В конце августа Антоний созывает военный совет. Шестнадцать недель блокады сделали свое дело. Ситуация аховая. Продовольствия не хватает, ночью становится холодно. Зима не за горами. Антонию нужно наконец принять решение, с которым он тянул все это жаркое лето. В тактике он явно сильнее, чем в стратегии. Если Клеопатра еще не успела разругаться с Канидием, то теперь она это делает. Он предлагает двигаться на север и сражаться на суше. В конце концов, они римляне: устраивать бой, качаясь в волнах, – безумие. Антоний никогда не командовал флотом. Он спокойно может отдать море Октавиану. Более того, в Македонии и Фракии можно нанять еще воинов. Естественно, Канидий прекрасно понимает: драться на земле – значит пожертвовать флотом Клеопатры, тогда сама она станет не нужна. Клеопатра прекрасно понимает: пожертвовать флотом – значит подвергнуть опасности Египет. Ее сундуки с серебряными динариями нельзя переправить через горы. Она яростно бьется за морское сражение. Ее доводы ясны: на суше противник серьезно превосходит Антония в силе.
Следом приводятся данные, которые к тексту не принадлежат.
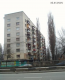 Продам трехкомнатную квартиру - Борщаговская ул., Соломенский (3688-489) | Dom2000.com #24800234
Антоний не сможет добраться до Рима без флота. И вести армию через горы нелегкая задача: пусть вспомнит Парфию. Есть еще одно обстоятельство, которое никто из них не может игнорировать. Для своей финальной битвы с Цезарем Помпей тоже собрал громадную, шумную, многоязычную рать из азиатских царей и царевичей в Греции. Клеопатра тогда выдала ему 60 кораблей. Был там и Агенобарб, и его отец, сложивший в той битве голову. Антоний с успехом командовал на противоположной стороне. В августе 48 года до н. э. Помпей решил обойтись без флота, значительно превосходившего флот Цезаря. День еще не успел заняться, а он уже понял, что крупно просчитался, поставив на наземную битву. Результатом стал полнейший разгром, а военачальник лишился дара речи, чувств, армии, разума, гордости и – спустя несколько дней – головы у берегов Египта [90].
Антоний выбирает сражение на море. По Плутарху, его захлестывают эмоции. Однако кажется более вероятным, что самый опытный военачальник своего времени в действительности не хотел ни оставлять при себе Клеопатру, ни выставлять ее флот, но в итоге просто принял неизбежное. У Октавиана не только лучше работают пиарщики, у него еще и более спаянная армия говорящих на одном языке, отлично подготовленных римских легионеров. На суше преимущество будет за ним. На море же силы сторон более или менее равны. Это он и пытается объяснить своим взволнованным воинам, из которых мало кто даже умеет плавать. Он не боится начать кампанию с поражения. «Я выбрал начать с кораблей, здесь мы сильнее и обладаем большим превосходством над противником, чтобы после победы мы с их помощью посмеялись бы и над вражеской пехотой» [91]. (Октавиан, размышляя на ту же тему, проявил себя более тонким психологом: «Такова общая характерная черта человеческой натуры: если человек проигрывает первые состязания, он заранее разочаровывается и в грядущих» [92].) Один израненный в битвах ветеран бросается к Антонию с эмоциональной речью. Показывая ему свои многочисленные шрамы, он спрашивает, как может командир оскорблять эти ранения и возлагать все надежды «на коварные бревна и доски»? Он умоляет Антония: «Пусть на море бьются египтяне и финикийцы, а нам дай землю, на которой мы привыкли стоять твердо, обeими ногами, и либо умирать, либо побеждать врага!» [93] Антоний – «хотя он умел и убедительно говорить с народом, и увлекать войско зажигательной речью, как мало кто из его современников» [94] – смотрит на него с теплотой, но ничего не отвечает.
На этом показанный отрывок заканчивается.